Events in the state chart are scoped. By default they are only visible within the state machine they were activated in (to transition between children). Events can be declared to be visible on transitions that leave the state. This way, activated events can be handed over to the next level in the hierarchy to consider it for further transition.

5.6 Data passing and internal events

One-way parameter passing (as defined for state machines in UML [17]) is used to send data into states and can then be read from local variables.

Between states, data are passed with scoped variables (Fig. 11). Variables have a local scope and are visible within the containing state machine (the scope is defined by the border of the state machine).

Fig. 11
figure 11

Assignment and use of variables: \(?x\) is passed as parameter into the submachine. Event evt returns data in an attribute which is saved to ?message

State charts can fire internal state machine events that carry variables to pass data in attributes to the parent hierarchy and to report on the outcome of actions to consider the next state. Figure 11 shows the usage of variables, parameter passing and events: the event evt is fired by the submachine say and carries attributes that can be accessed. Special success or failure states are not available as the submachine cannot decide on the success or failure.

5.7 Grouping and hierarchy

In Dynamic State Charts, composite states are only used to structure and group states. They do not introduce a new scope or hierarchy as they bring no further hierarchy. This follows a suggestion by Simons [29] who suggests to use composite states only for abbreviation to draw group transitions only once.

Submachine states are supported to bring hierarchy and abstraction as they reference a state machine that is completely encapsulated.

5.8 Transitions

External transitions as defined e.g., by Harel and UML state charts define transitions that cross the boundary of either composite states or submachine states.
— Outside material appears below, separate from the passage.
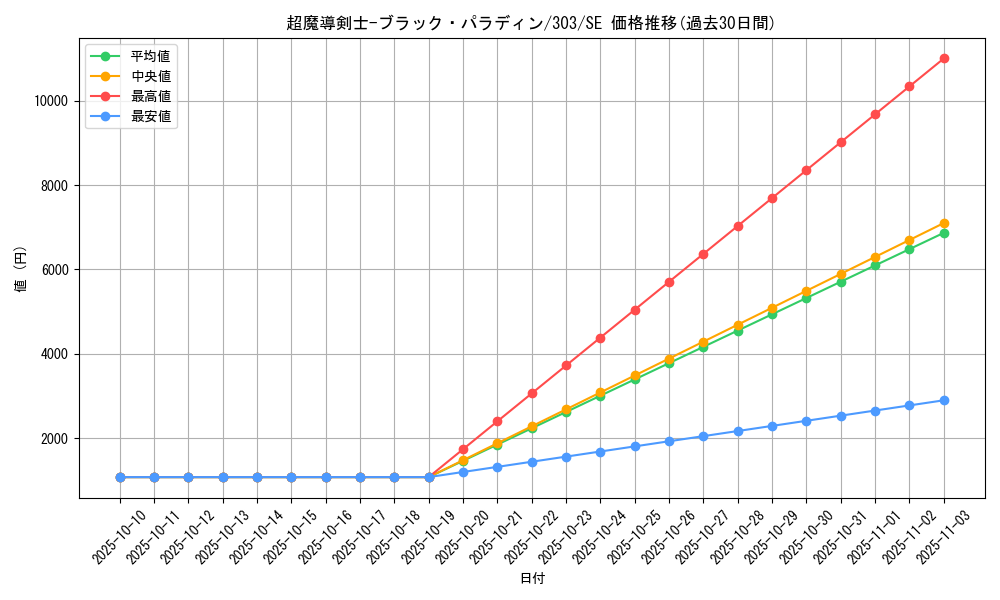card_12156_series_30291_rarity_5_graph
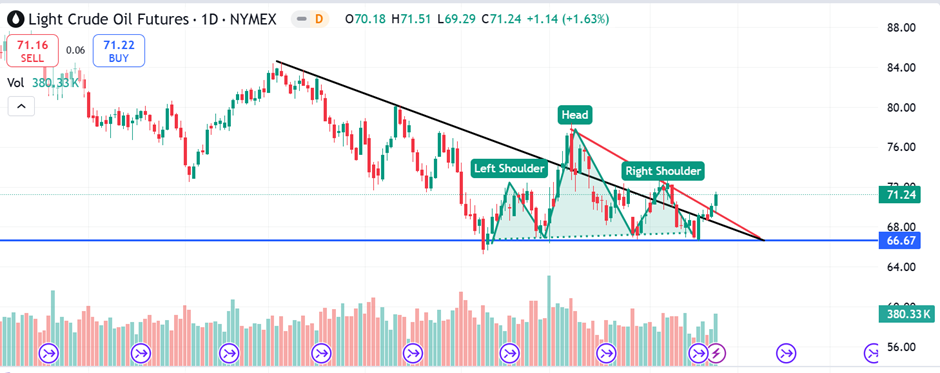 英伟达CFO:预计对中国的出货量将在数据中心业务营收中保持稳定,星际之门(Stargate)数据中心将使用Spectrum - X以太网技术。预计网络部门将在本财年第一季度恢复增长,毛利率将在本财年后期升至约70%。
They are intended to jump from any state to any other state regardless of the hierarchy or any other limitation, even between states of different state machines. They are not supported in the presented approach as they break encapsulation and have a negative impact on the readability [30].

5.9 On composability and reuse

Dynamic State Charts are encapsulated state machines with a defined interface. Developers can use them as a black-box without knowing about the internals. This raises the abstraction by each hierarchy which helps to manage the complexity of the overall action plot and allows for separation of roles.

With this described concept, two main kinds of Dynamic State Charts can be identified based on what mechanisms are being used (Fig. 12), primitive action plots and abstract action plots.

Fig. 12
figure 12

Action plots can be divided into primitive and abstract action plots. Primitive action plots which interact with (e.g., configure) skill components and are thus specific for skills as they use concrete configuration parameters. Abstract action plots which use primitive action plots but do not directly interact with skills and are thus more general

Primitive action plots contain communication calls to skill components through the coordination/configuration services. They thus build the bridge to skill layer configurations and at the same time from task modeling to component configuration. They contain details for the configuration of individual components (e.g., parameters) and are thus specific to them.

Abstract action plots are plots that use only primitive action plots. They do not contain communication calls to the skill layer and are independent from it, which makes them more generic. The benefit is that they are highly reusable in other applications or robot platforms with completely different skill components that offer other services but have the same abilities. Since all the state machines offer an interface, only the underlying primitive action plots need to be exchanged or bound before deploying the application.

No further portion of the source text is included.